■ **Assignment**: Leaving pictures aside, restate exactly the lines of the data below, from the first one through the line that contains "realistic garden showing".
######
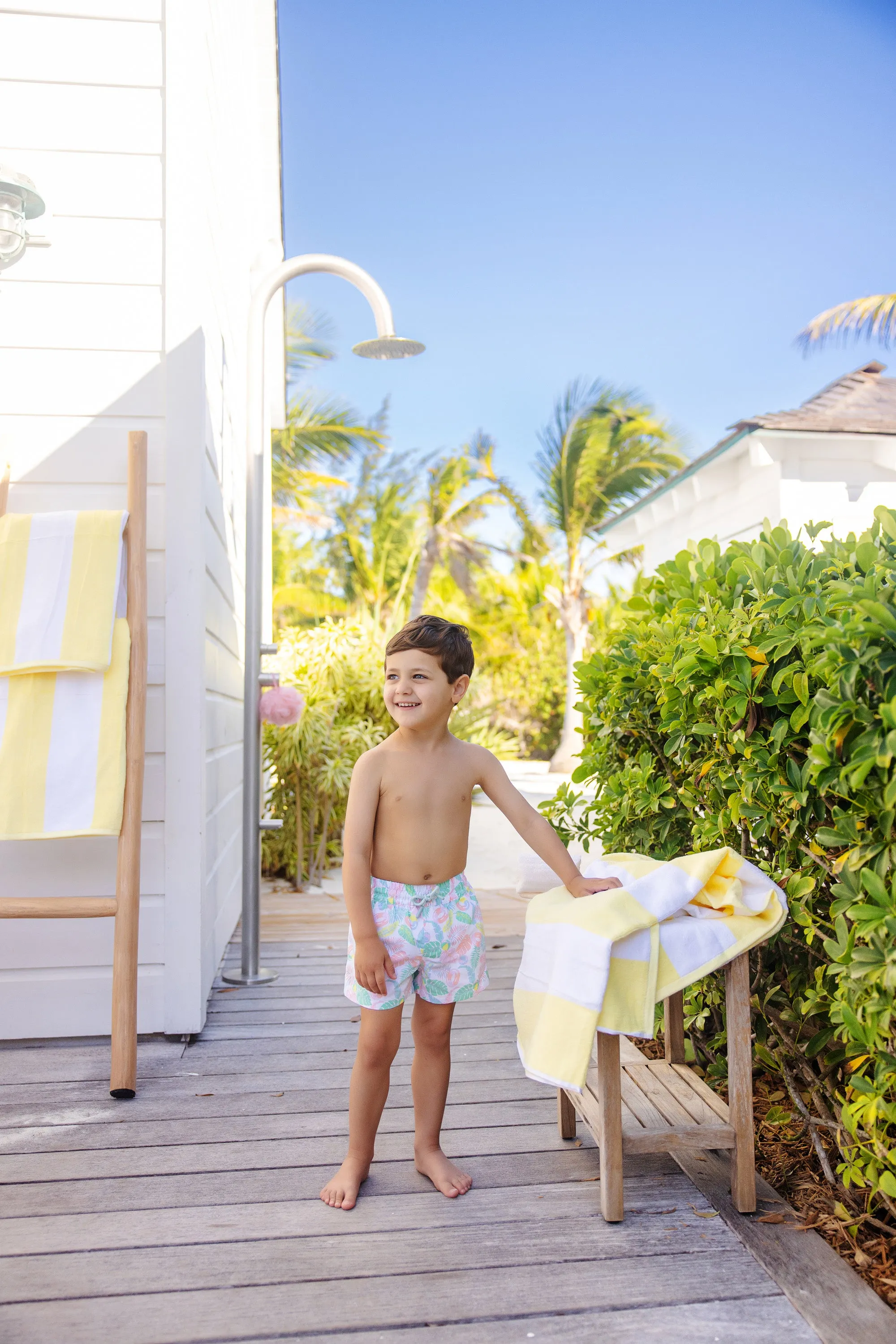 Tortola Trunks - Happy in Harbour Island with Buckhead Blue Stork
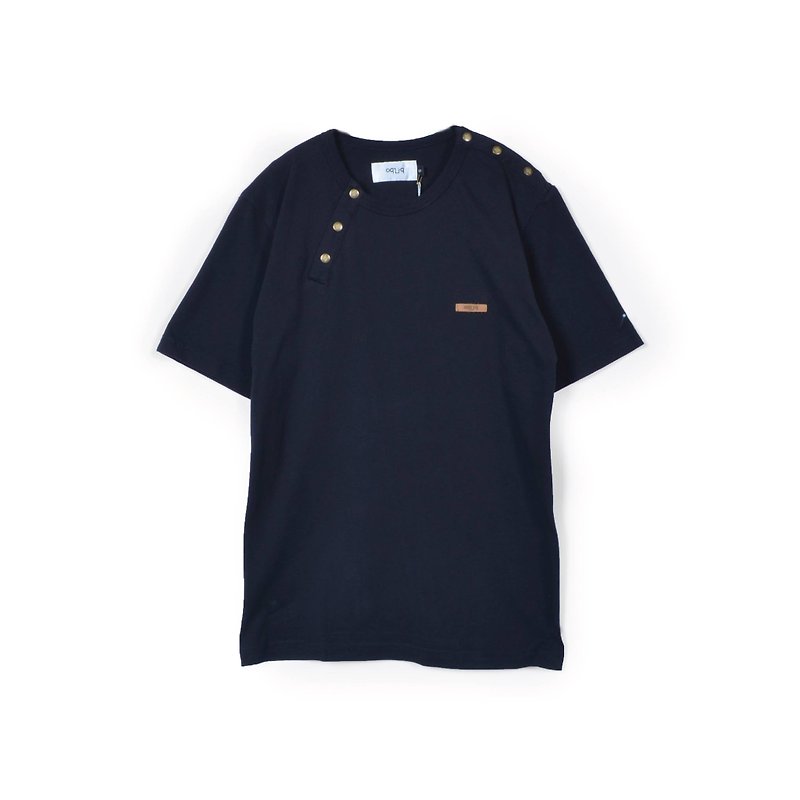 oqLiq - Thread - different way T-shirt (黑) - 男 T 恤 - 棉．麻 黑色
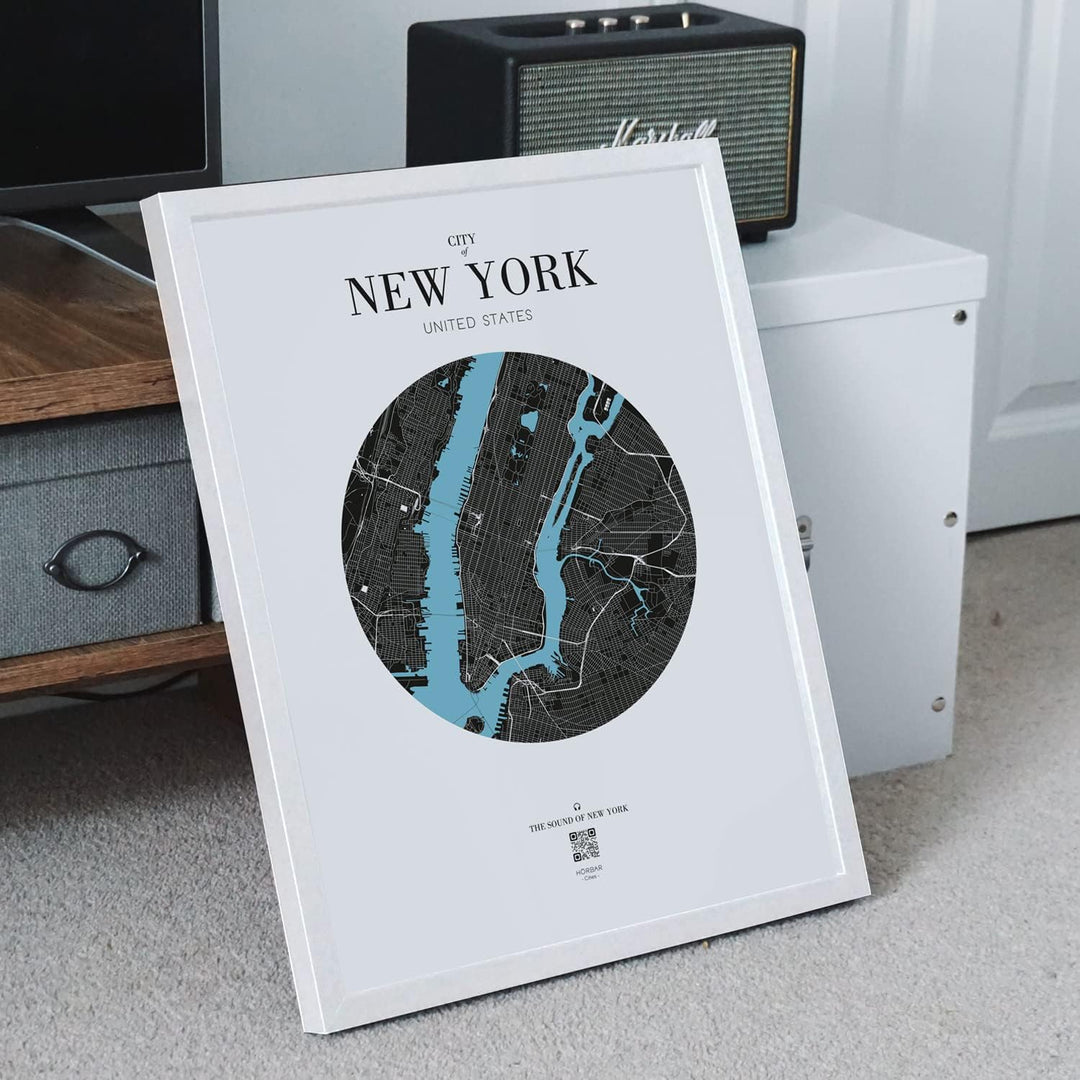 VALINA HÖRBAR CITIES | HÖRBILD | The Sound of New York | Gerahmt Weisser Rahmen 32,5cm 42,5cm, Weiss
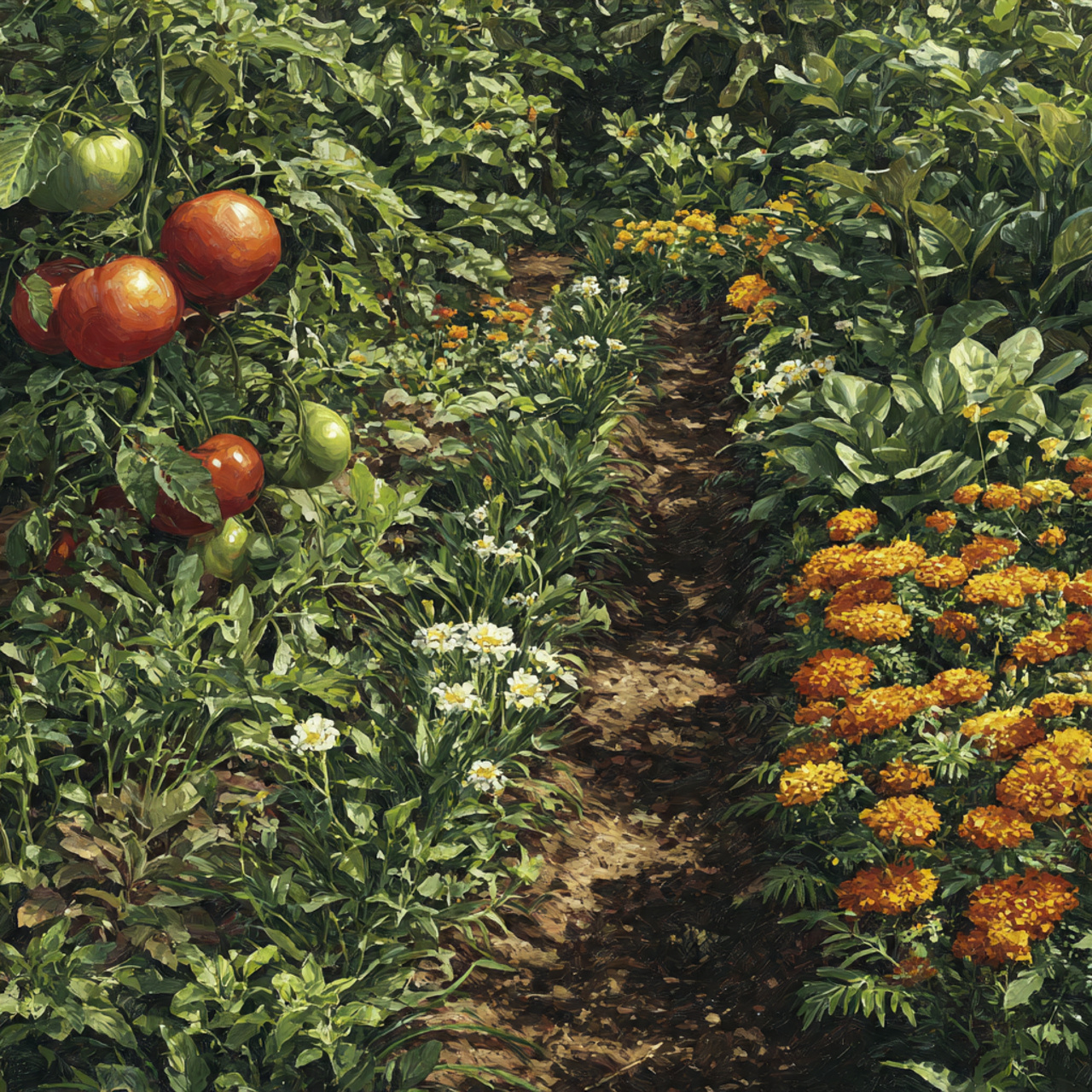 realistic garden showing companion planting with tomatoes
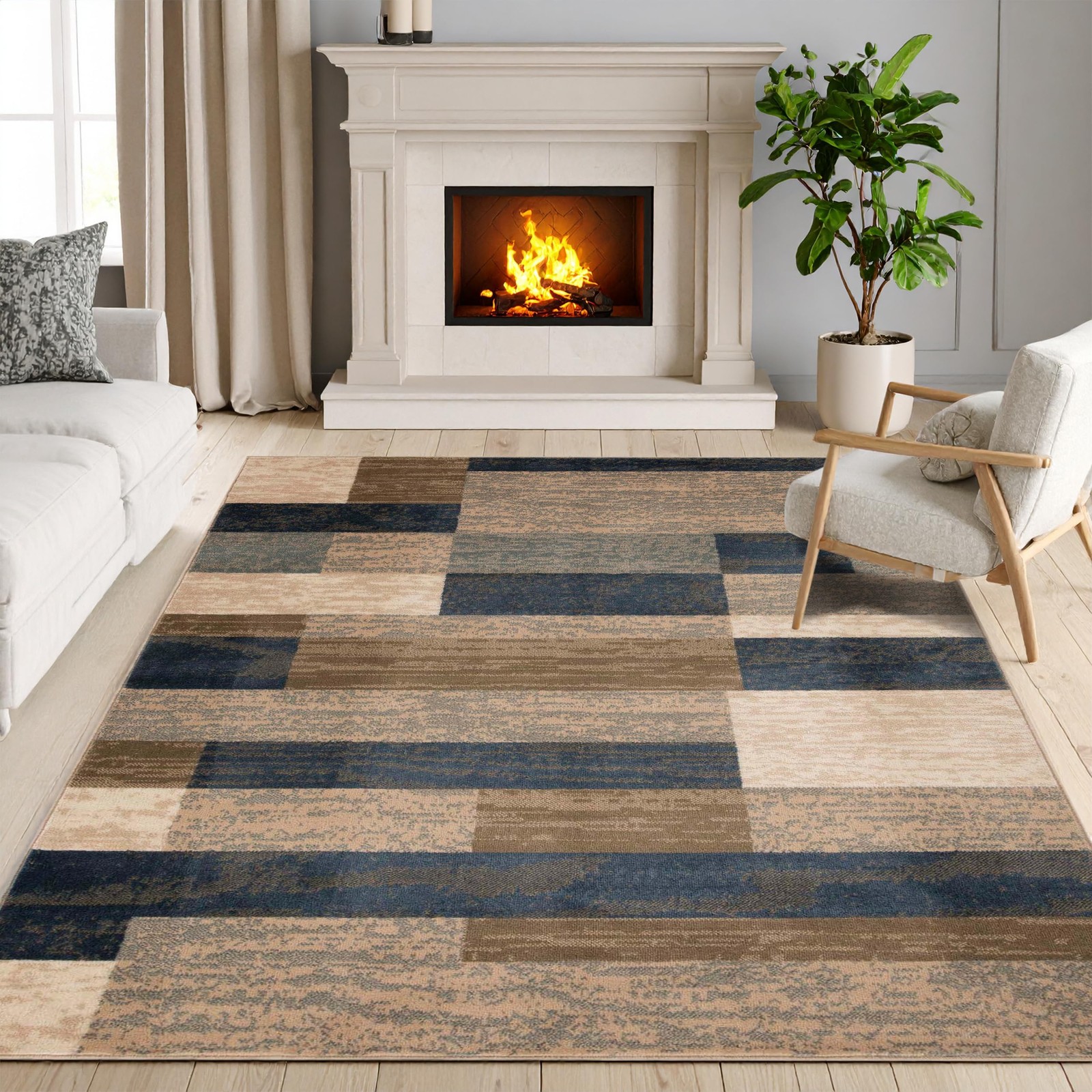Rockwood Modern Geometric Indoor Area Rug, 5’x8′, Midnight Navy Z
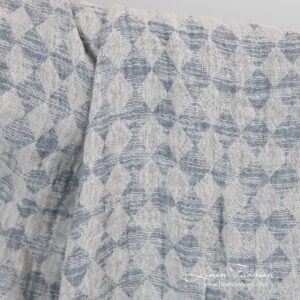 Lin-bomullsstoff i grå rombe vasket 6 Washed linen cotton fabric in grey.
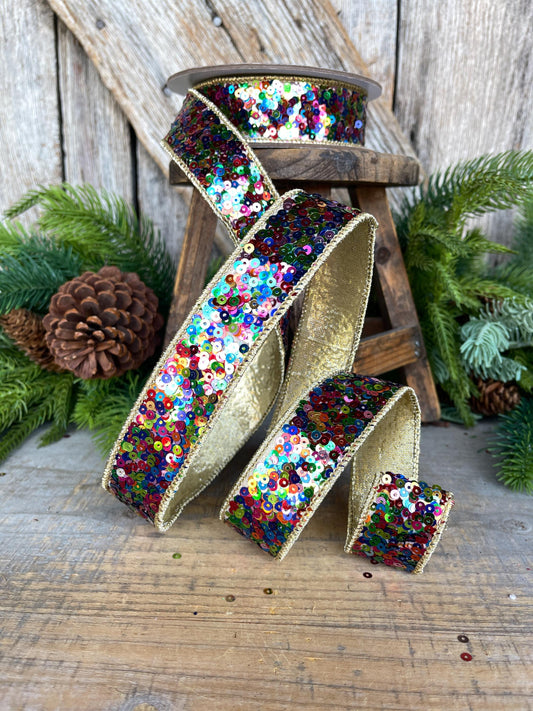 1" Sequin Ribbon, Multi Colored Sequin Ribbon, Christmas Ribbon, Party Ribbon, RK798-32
######
■ **Answer for this exercise**:
 Tortola Trunks - Happy in Harbour Island with Buckhead Blue Stork
 oqLiq - Thread - different way T-shirt (黑) - 男 T 恤 - 棉．麻 黑色
 VALINA HÖRBAR CITIES | HÖRBILD | The Sound of New York | Gerahmt Weisser Rahmen 32,5cm 42,5cm, Weiss
 realistic garden showing companion planting with tomatoes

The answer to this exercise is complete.